Луи Сала-Молен язвительно и жестко заявил: «Философы европейского Просвещения обрушивались на рабство повсюду, только не там, где оно существовало в буквальном смысле» (149): хотя философы сетовали на то, что люди являются (в метафорическом смысле) рабами тиранической монархии, они игнорировали буквальное рабство, свирепствовавшее в колониях, и оправдывали его аргументами культуралистски-расистского характера. Когда черные рабы подняли восстание на Гаити, явившееся эхом взрыва Французской революции, оно стало «суровым испытанием огнем для идей французского Просвещения. Это понимал любой европеец, принадлежавший к буржуазной читающей публике. «Взгляды всего мира сосредоточились на Санто-Доминго»» (42). На Гаити же происходило непредставимое (по меркам европейского Просвещения): революция на Гаити «вошла в историю как немыслимая, несмотря даже на то, что она произошла» (Мишель-Рольф Труийо, цит. на стр. 50). Бывшие гаитянские рабы восприняли французские революционные лозунги более буквально, чем сами французы: они отринули все непрямые оговорки, которыми изобиловала идеология Просвещения (свобода — но только для рационально «зрелых» субъектов, а не для диких, неразвитых варваров, которые прежде должны пройти через долгий процесс учебы и только потом заслужить право на свободу и равенство…). Это породило возвышенные «коммунистические» моменты, такие, например, как тот, когда французские солдаты (их послал Наполеон для подавления восстания и восстановления рабства) приближались к черной армии освободивших себя рабов. Услышав неразборчивый шум, доносящийся со стороны черной толпы, французы сначала решили, что стали свидетелями воинственного песнопения некоего варварского племени, но затем поняли, что черные гаитянские воины распевают «Марсельезу»… и задумались, на той ли стороне они выступили…

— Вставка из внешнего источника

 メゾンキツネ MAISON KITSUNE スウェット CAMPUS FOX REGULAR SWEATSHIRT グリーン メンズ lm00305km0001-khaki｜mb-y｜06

Такие события утверждают универсальность как политическую категорию. Или же, говоря словами Бак-Морс, «универсальное человечество проявляет себя в критических положениях» (151):
Вместо того чтобы в равной мере воздавать должное различным и многообразным культурам, когда все люди признаются частицами человечества через посредство коллективных культурных идентичностей, человеческая универсальность возникает в контексте исторического события в момент перелома. Это те разрывы истории, когда народ, чья культура находится в критическом положении, выражает собой человечество, которое выходит за культурные пределы.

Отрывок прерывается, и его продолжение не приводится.